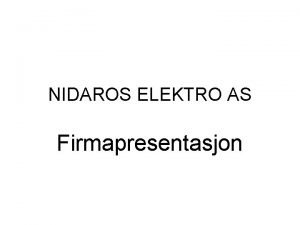 Nidaros elektro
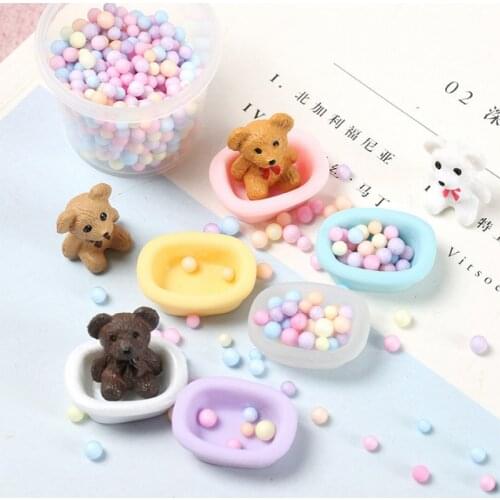 DIY Handmade Key Chain Pendant Phone Case Jewelry Material Accessories Silicone Mold Color Small Bathtub Resin Craft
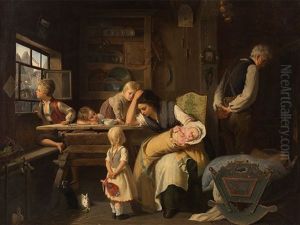The Exhausted Mother by August Heyn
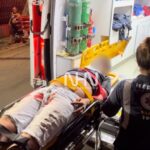 Adolescente fica ferido após colidir com carro em Rio Branco Adolescente fica ferido após colidir com carro em Rio Branco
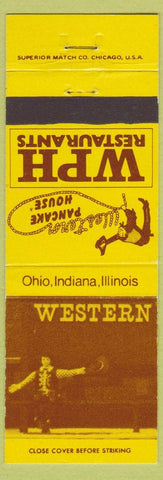 Matchbook Cover - WPH Western Restaurants Pancakes OH IN IL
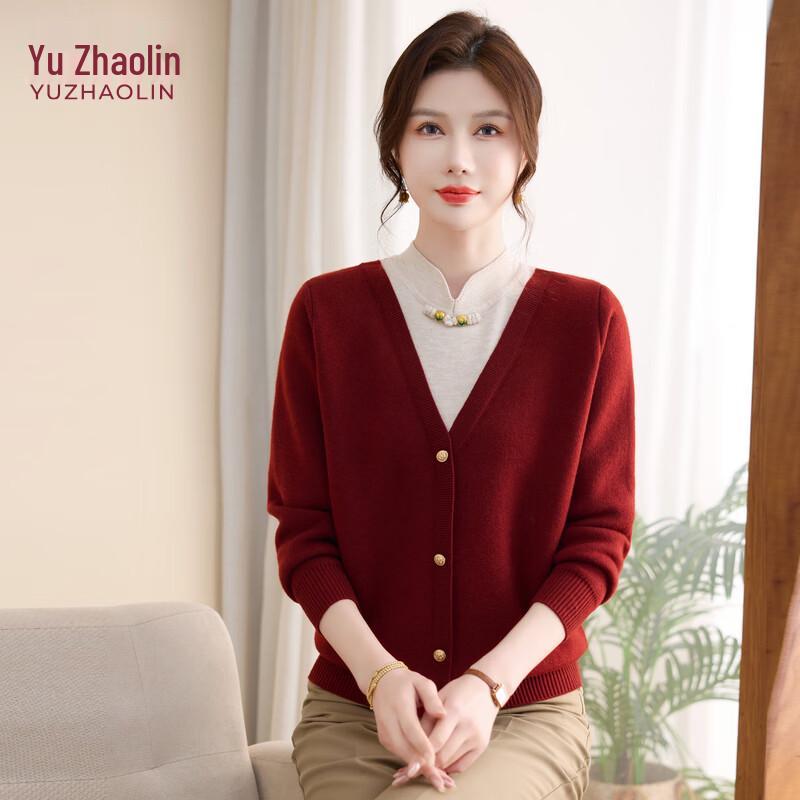 YUZHAOLIN Women s Faux Two-Piece Plush Lined Semi-High Collar Sweater 3XL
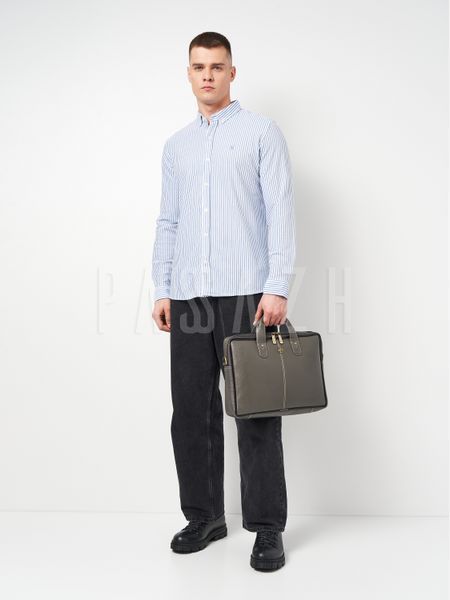 Сумка шкіряна для ноутбука 13 Hammonds Flycatcher LB105 Grey Сірий (LB105 GRY) LB105 GRY фото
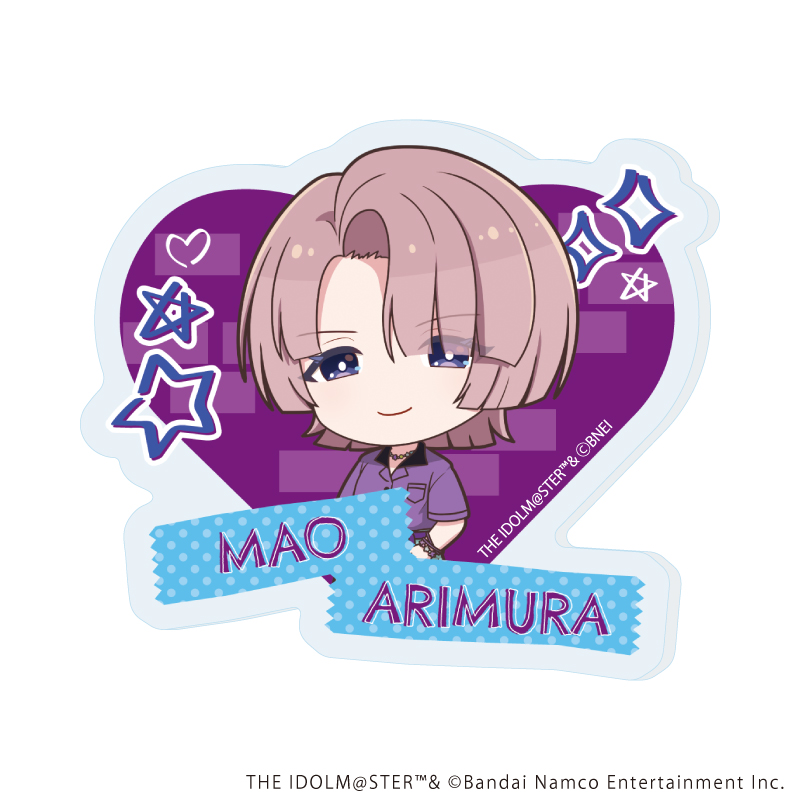 アクリルプレートバッジ「学園アイドルマスター」05/有村麻央 ストリートファッションver.(ミニキャライラスト)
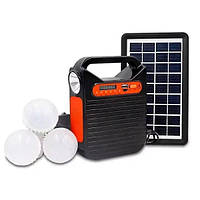 Фонарь с солнечной панелью, радио, функцией повербанка и 3 лампочками Easy Power EP-391BT Bluetooth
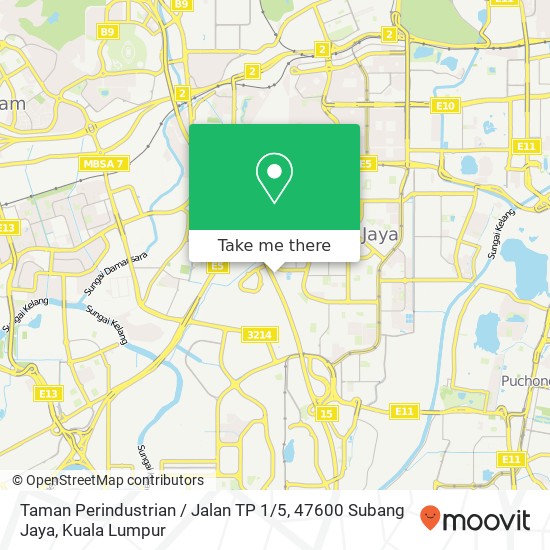 Taman Perindustrian / Jalan TP 1 / 5, 47600 Subang Jaya map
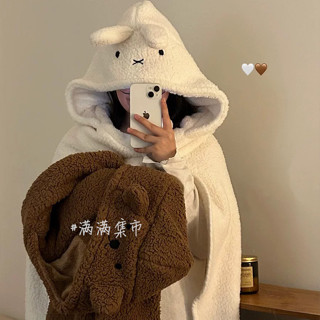 免運💥可開票💥卡通披風可愛秋冬加厚保暖毛毯披肩帶帽一體空調午睡棉毛毯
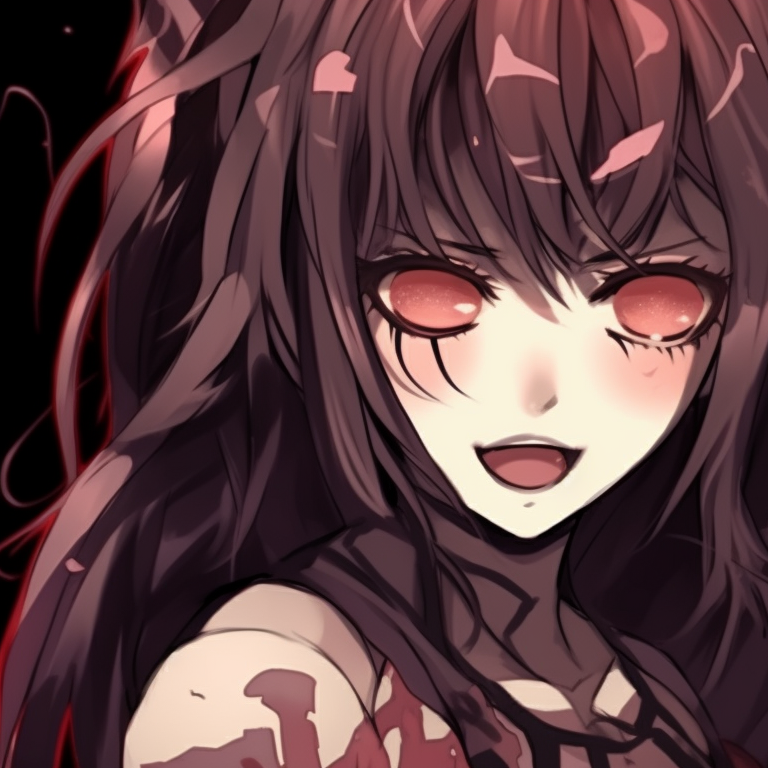 Two characters dressed as specters, semi-transparent details and soft glow, conveying a ghostly presence. halloween themed matching couple anime pfp pfp for discord.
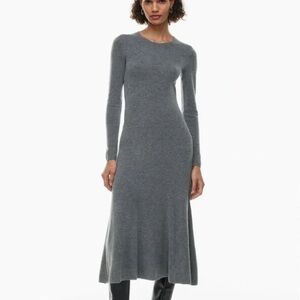 Aritzia Wilfred Danse Dress - Heather Dark Grey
····················
Repeat the records in full, exactly as they appear, but with the pictures removed.

 Nidaros elektro
 DIY Handmade Key Chain Pendant Phone Case Jewelry Material Accessories Silicone Mold Color Small Bathtub Resin Craft
The Exhausted Mother by August Heyn
 Adolescente fica ferido após colidir com carro em Rio Branco Adolescente fica ferido após colidir com carro em Rio Branco
 Matchbook Cover - WPH Western Restaurants Pancakes OH IN IL
 YUZHAOLIN Women s Faux Two-Piece Plush Lined Semi-High Collar Sweater 3XL
 Сумка шкіряна для ноутбука 13 Hammonds Flycatcher LB105 Grey Сірий (LB105 GRY) LB105 GRY фото
 アクリルプレートバッジ「学園アイドルマスター」05/有村麻央 ストリートファッションver.(ミニキャライラスト)
 Фонарь с солнечной панелью, радио, функцией повербанка и 3 лампочками Easy Power EP-391BT Bluetooth
 Taman Perindustrian / Jalan TP 1 / 5, 47600 Subang Jaya map
 免運💥可開票💥卡通披風可愛秋冬加厚保暖毛毯披肩帶帽一體空調午睡棉毛毯
 Two characters dressed as specters, semi-transparent details and soft glow, conveying a ghostly presence. halloween themed matching couple anime pfp pfp for discord.
 Aritzia Wilfred Danse Dress - Heather Dark Grey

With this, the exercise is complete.